Tinha se criado o consenso de que sem a democracia representativa não havia futuro. Primeiro porque os governos de esquerda que não respeitavam os direitos humanos, a liberdade de expressão etc., eram isolados, boicotados, como aconteceu com Cuba ou a Venezuela. E também porque os governos de direita não conseguiam se sustentar, acabavam fomentando revoltas, como no Chile ou em Portugal ou mesmo no Brasil, porque desprezando o princípio que estabelece que quem detém o poder é o povo, esses regimes careciam de legitimidade.
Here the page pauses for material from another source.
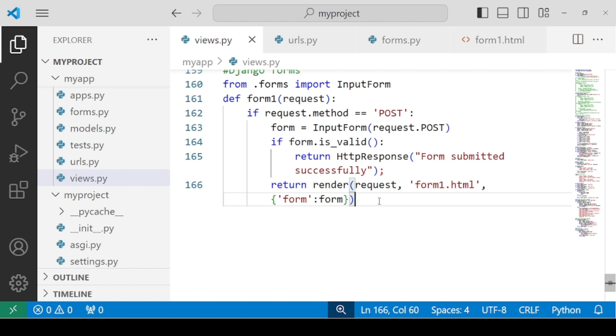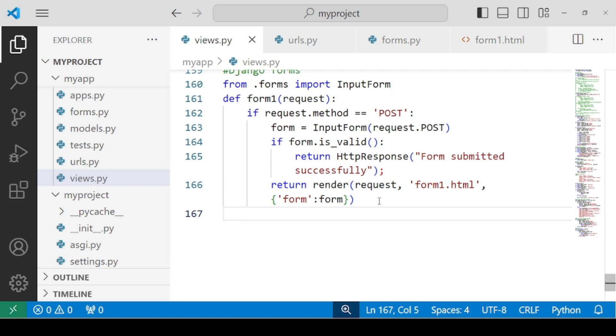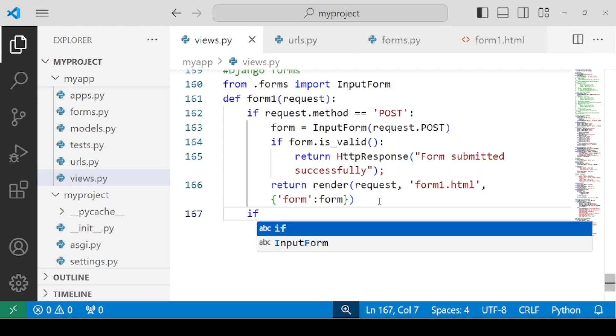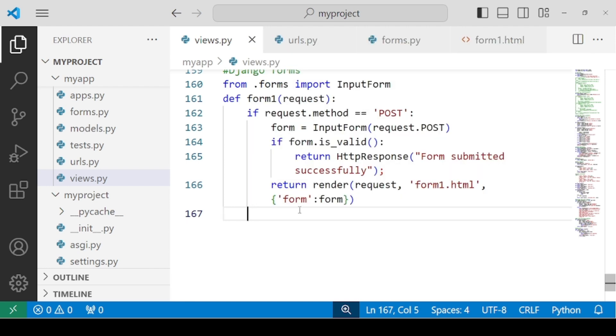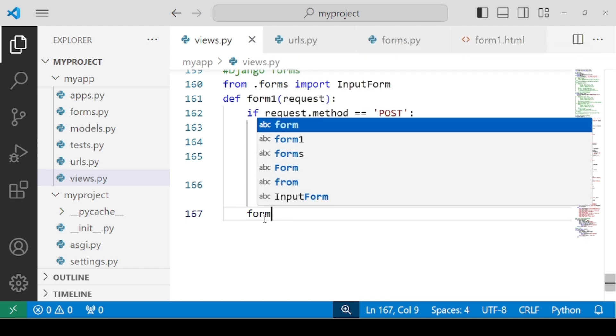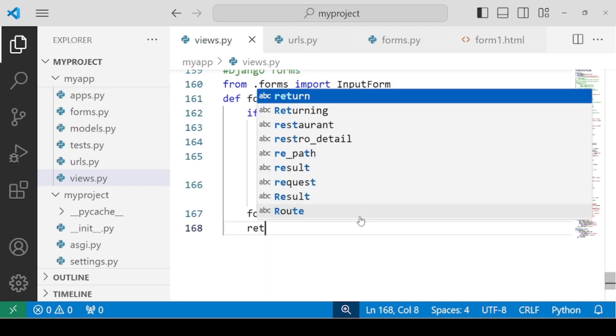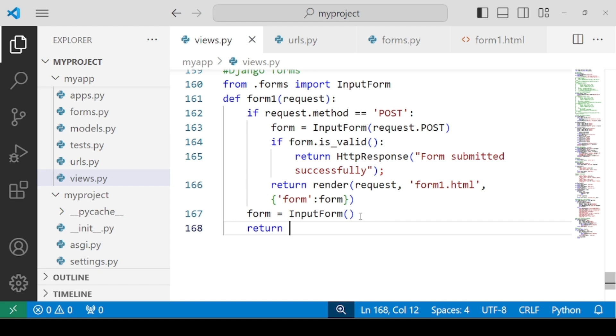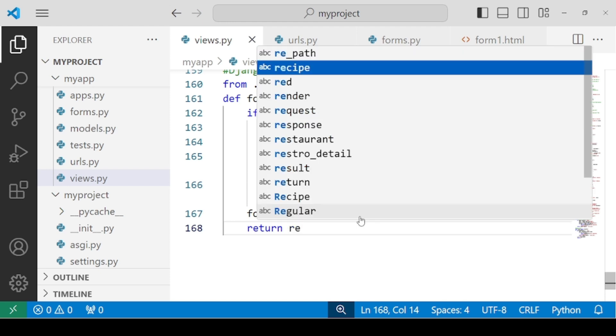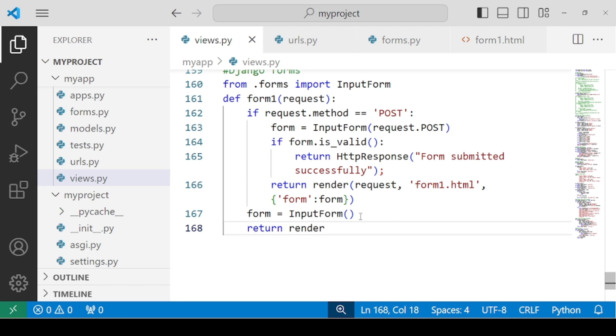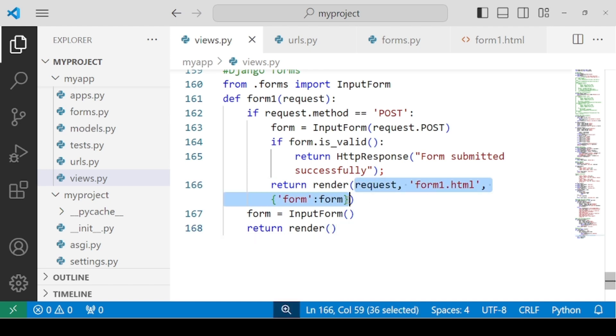So at least we should be able to render the form for the very first time we go to the URL. Either you use a separate condition using if request.method as get or you can simply use the else part. Just simply you have to create another instance as form equals to InputForm. No need to pass any parameter because by default now it will be a get method. And just return your form using return render.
Era óbvio que quem detinha o poder era o povo e seus representantes e não o clube dos padeiros, ou qualquer outra agremiação de interesses particulares.

É verdade que as coisas não eram assim tão límpidas: havia regimes de esquerda em que os representantes careciam de real legitimidade, ou porque roubavam nas urnas, ou porque não havia liberdade de expressão, etc., e havia regimes de direita que faziam o mesmo, não respeitavam os direitos humanos, nem obedeciam aos resultados das eleições. Mas todos apregoavam os mesmos princípios, por menos que os praticassem, e a convivência entre esses diversos regimes ou alianças era mais ou menos pacífica desde a Segunda Guerra Mundial (excluindo conflitos como os da Coreia, Vietnã etc.) A grande exceção eram os regimes muçulmanos integristas que não aceitavam esses princípios, nem fingiam, mas pagavam a sua sobrevivência com as armas que compravam com o dinheiro do petróleo, gás, e no fundo não incomodavam muito, salvo Israel. Até a Guerra Fria não era tão gelada, graças ao Gorbatchov e à superioridade da tecnologia americana.

Por várias razões que seria muito longo expor aqui, mas que certamente têm a ver com o progresso econômico da China, a invasão americana do Iraque e as redes sociais, que espalhavam informação falsa e verdadeira por todos os meridianos do planeta, esse clima de relativa concórdia foi apodrecendo. Biden ao chegar, tal como Trump fizera, elegeu a China como o grande competidor dos EUA. Porém um terceiro parceiro, que durante anos tinha sido deixado meio de lado, como se já não contasse, foi acumulando armas sofisticadas e rancor: a Federação Russa. Ou antes a Rússia mesmo, porque a maioria dos povos que compõem a Federação ignora esses problemas, em nome da sobrevivência.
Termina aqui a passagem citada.